OVA vs. AVA in Classification Problems, via regtools

OVA and AVA? Huh?

These stand for One vs. All and All vs. All, in classification problems with more than 2 classes. To illustrate the idea, I’ll use the UCI Vertebral Column data and Letter Recognition Data, and analyze them using my regtools package.

As some of you know, I’m developing the latter in conjunction with a book I’m writing on regression and classification. The package, of course, is usable and helpful independently of the book, though the material in this post will be drawn largely from the book.

In the verterbral data there are m = 3 classes: Normal, Disk Hernia and Spondylolisthesis. The predictors are, as described on the UCI site, “six biomechanical attributes derived from the shape and orientation of the pelvis.”

Let m denote the number of classes. Consider two approaches we might take to predicting the status of the vertebral column, based on logistic regression:

• One vs. All (OVA): Here we would fit 3 logit models to our training data, predicting each of the 3 classes, one at a time, from our 6 variables. The regtools function ovalogtrn() does this for us, yielding a 7×3 matrix, which is then used for future predictions. For a given new data point, we guess the unknown class to be whichever one has maximal probability, given the new data point; the regtools function ovalogpred() handles the details for us here.
• All vs. All (AVA): Here we look at all possible pairs of classes. There will again be 3 of them in this case, though in general the number of pairs will be m (m-1) / 2, with that many columns in our output matrix, as opposed to just m for OVA. At any rate, for each pair we restrict our training data to just the points corresponding to one of the two classes in the pair, then run a logit analysis predicting, say, the first class of the pair.  The regtools functions avalogtrn() and avalogpred() do the work for us.

Clearly, AVA involves a lot of computation. For fixed number of predictor variables p, here is a rough time estimate. For a logit model, the computation will be proportional to the number of cases n (due to computing various sums over all cases). Say our training data is approximately balanced in terms of sizes of the classes, so that the data corresponding to class i has about n/m cases in it, Then the computation for one pair will be O(n/m), but there will be O(m2) pairs, so the total amount of computation will be O(mn) –potentially much larger than the O(n) used by OVA.

Well, then, do we benefit from that extra computation? At least at first glance, AVA would not seem to have much to offer. For instance, since each of its models uses much less than our full data, the resulting estimated coefficients will likely be less accurate than what we calculate under OVA. And if m is large, we will have so many pairs that at least some will likely be especially inaccurate. And yet some researchers claim they find AVA to work better, due to imperfections in the model used.

Let’s try it out on the vertebral column data (warning messages, signaling probabilities near 0 or 1, not shown):

``````
> vert\$V7 <- as.numeric(vert\$V7) - 1
> trnidxs <- sample(1:310,225)
> predidxs <- setdiff(1:310,trnidxs)
> ovout <- ovalogtrn(3,vert[trnidxs,])
> predy <- ovalogpred(ovout,vert[predidxs,1:6])
> mean(predy == vert[predidxs,])
[1] 0.8823529
> avout <- avalogtrn(3,vert[trnidxs,])
> predy <-  avalogpred(3,avout,vert[predidxs,1:6])
> mean(predy == vert[predidxs,7])
[1] 0.8588235
``````

The function ovalogtrn() requires the response (class) variable to be coded 0,1,…,m-1, hence the call to as.numeric(),

At any rate, not much difference, if any, between OVA and AVA in this example.
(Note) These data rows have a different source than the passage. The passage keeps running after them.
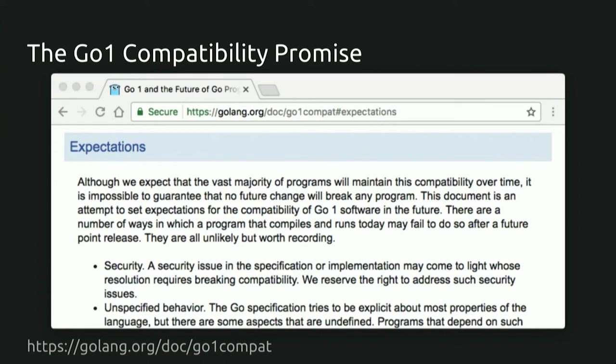The compatibility promise covers a wide range of topics, including security, bugs, use of struct literals and methods, use of unsafe, and so on. Fundamentally, it was designed with the goal of creating a stable platform for the development of Go projects. It's an agreement between the users of Go and the authors of the Go toolchain — that is, the Go language specification and the standard library. If this agreement is met, then in theory, all Go 1 programs should be able to continue to compile and run correctly unchanged on all future Go 1 releases.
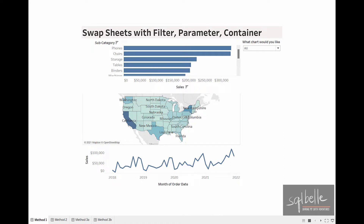Sometimes for our dashboards, we want to be able to provide a way to seamlessly swap sheets using some kind of a drop-down or a menu. Perhaps we want our end users to be able to select their own charts, or sometimes we want to have an easy way to swap between a chart and a detailed cross-tab. This strategy is called sheet swapping, and it creates the illusion of seamlessly changing the charts or sheets on demand.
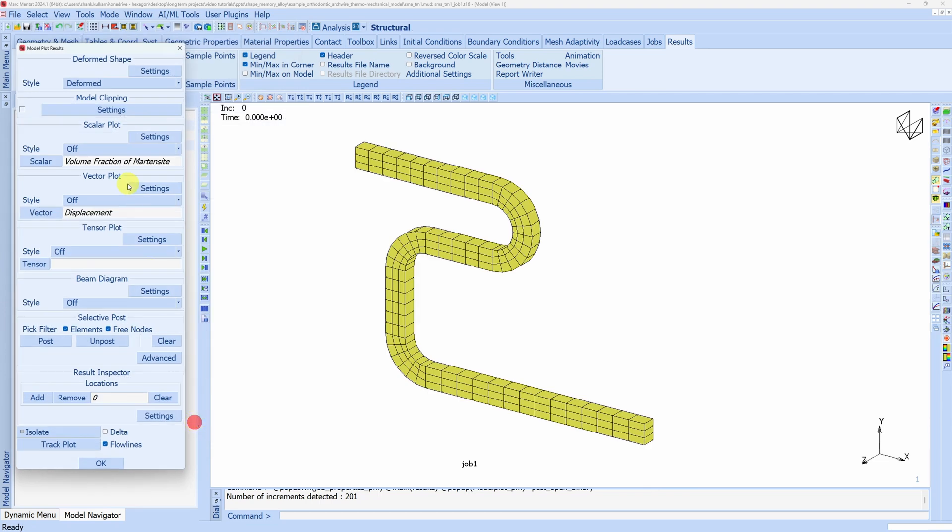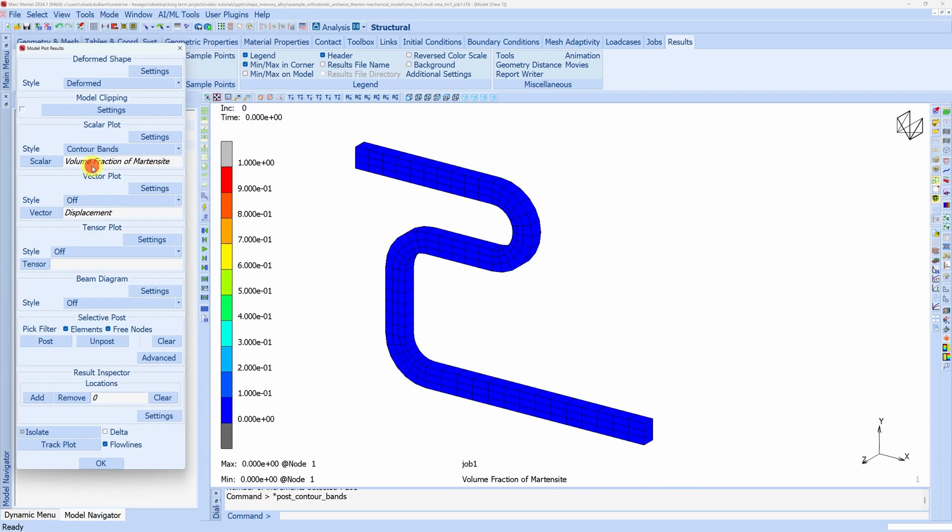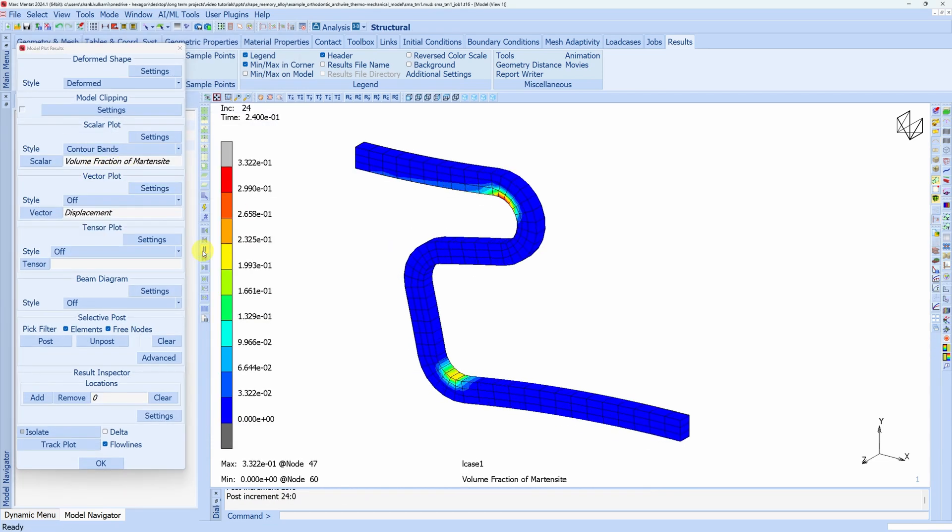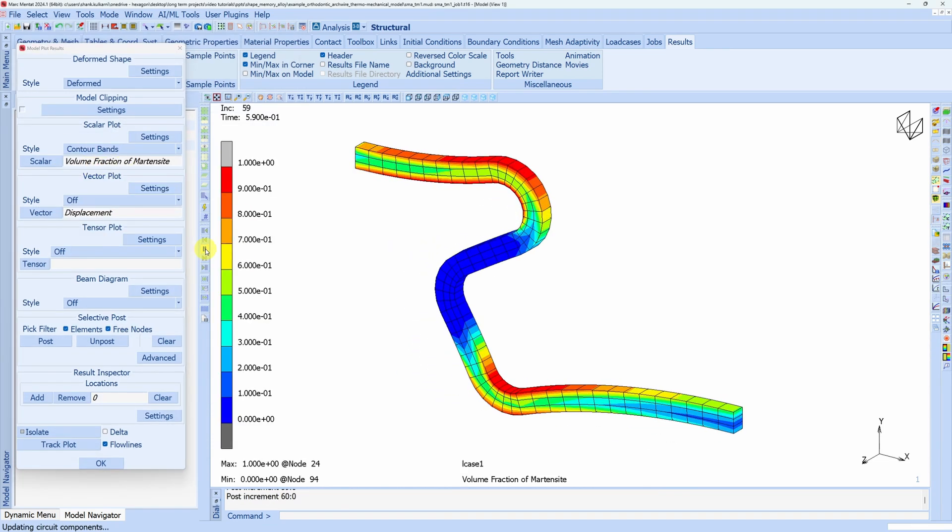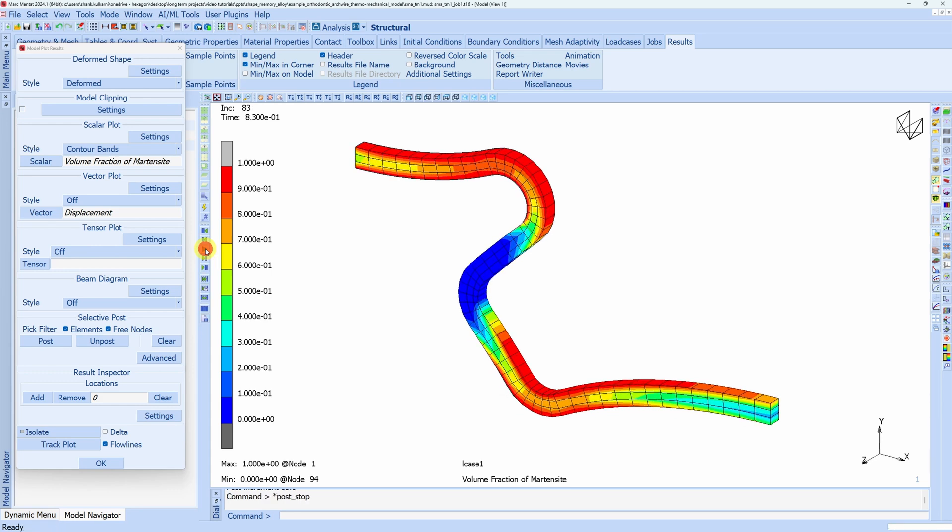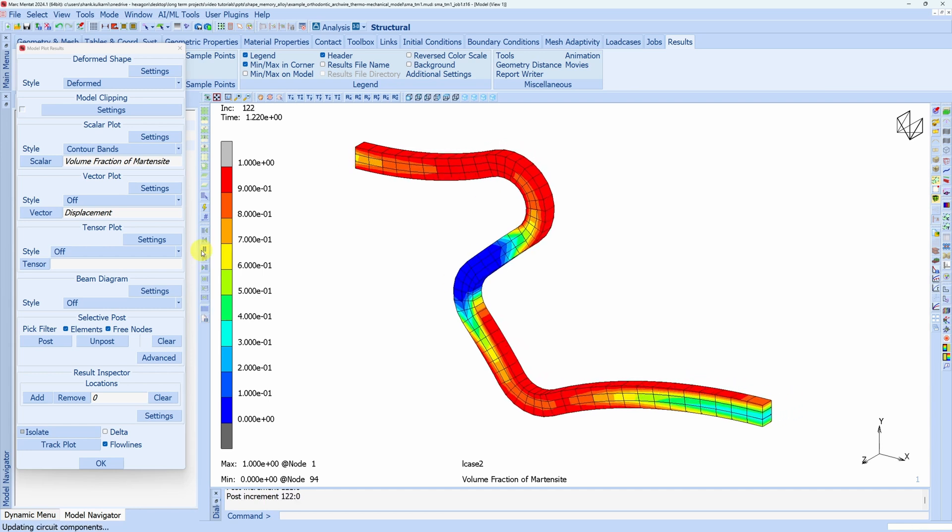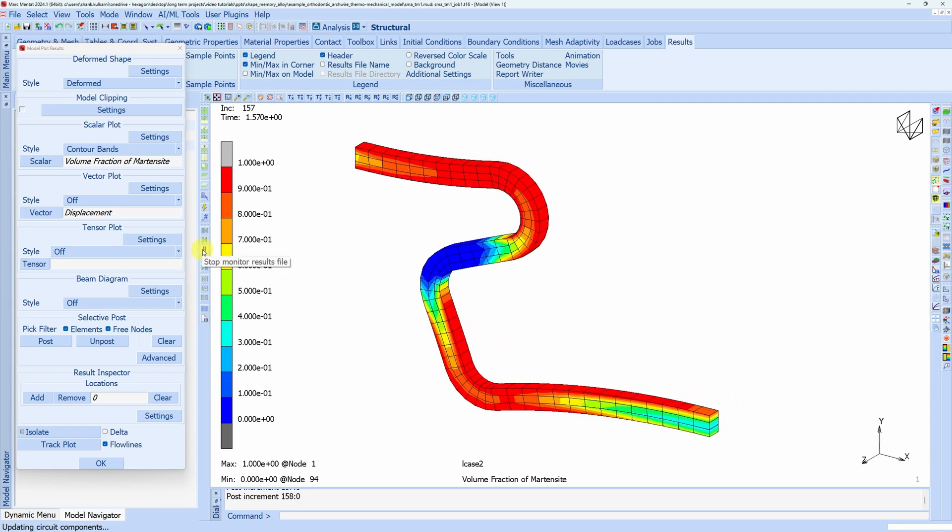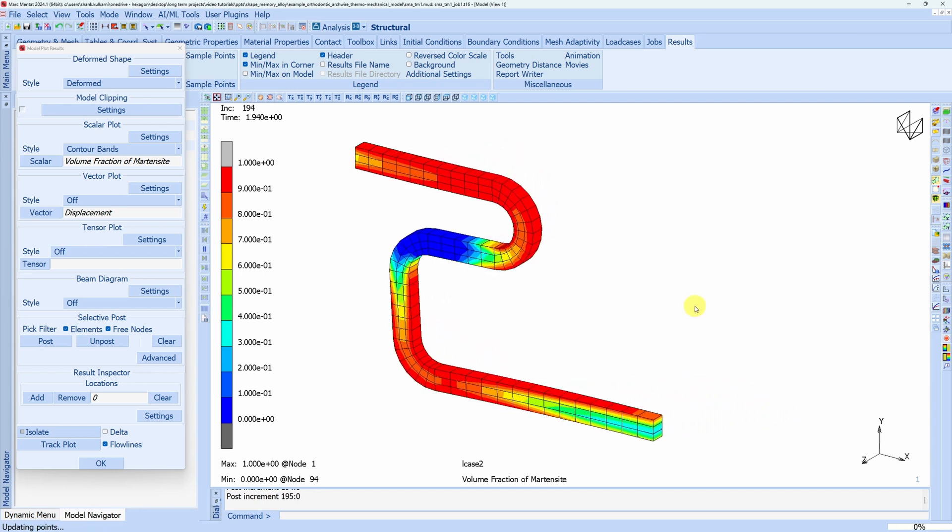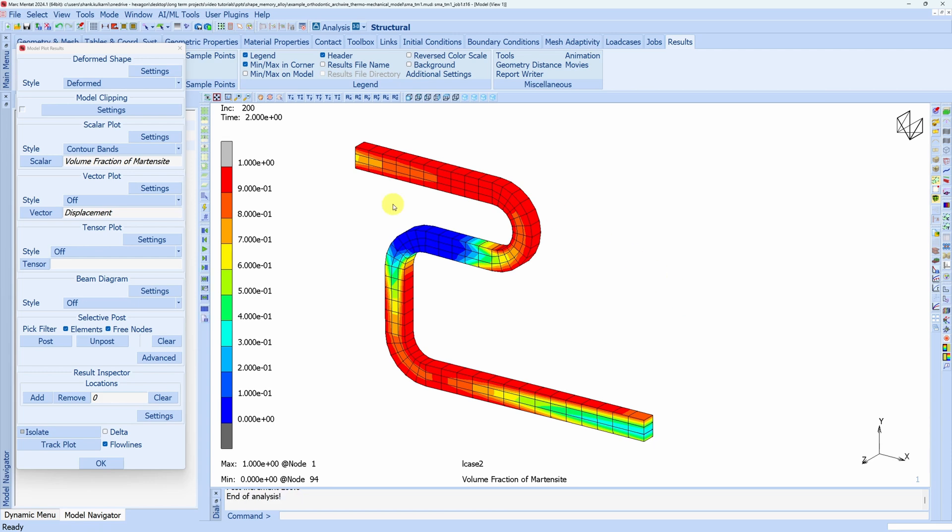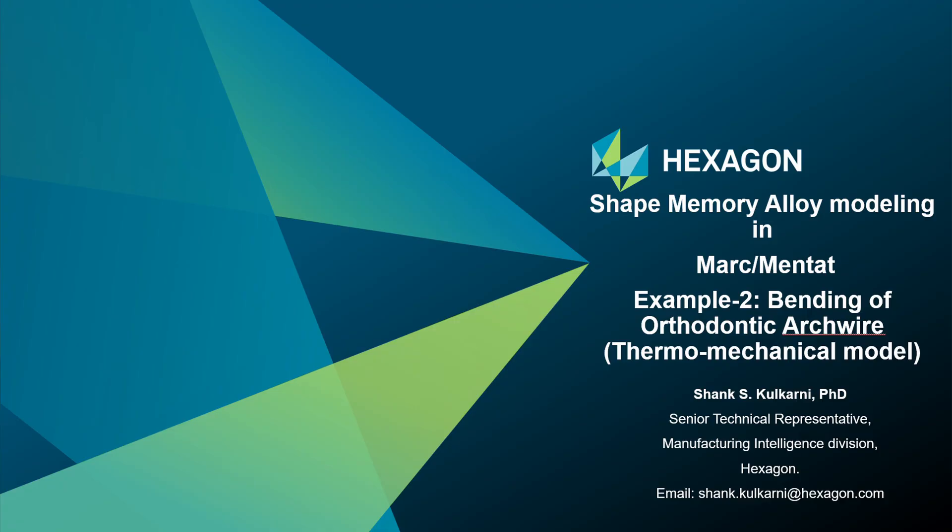Let us see if we got a different volume fraction of martensite. Loading, it should be the same. Here a larger portion of the wire got converted to martensite because we shifted the loading line towards the left. Now when we do unloading, we can see martensite was not converted back to austenite.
However, the selling point of AVA is supposed to be that it may be effective when the model we are using is not approximately valid.

A good candidate for such a model is the logit appled to the letter recognition data. (I discovered this when the logit turned out to do much less well than k-Nearest Neighbors, and in retrospect it seems plausible, given the nature of the predictors.) The difference between OVA and AVA here was dramatic:

``````

> library(regtools)
> library(mlbench)
> data(LetterRecognition)
> lr <- LetterRecognition
> lr[,1] <- as.numeric(lr[,1]) - 1
> # training and test sets
> lrtrn <- lr[1:14000,]
> lrtest <- lr[14001:20000,]
> ologout <- ovalogtrn(26,lrtrn[,c(2:17,1)])
> ypred <- ovalogpred(ologout,lrtest[,-1])
> mean(ypred == lrtest[,1])
[1] 0.7193333
> alogout <- avalogtrn(26,lrtrn[,c(2:17,1)])
> ypred <- avalogpred(26,alogout,lrtest[,-1])
> mean(ypred == lrtest[,1])
[1] 0.8355
``````

So, apparently AVA fixed a poor model. Of course, it’s better to make a good model in the first place. 🙂

In fact, it turns out that adding quadratic terms to the predictors (not shown) helps a lot. Thus I don’t suggest using AVA as your go-to method. But it’s there in regtools if you want to try it.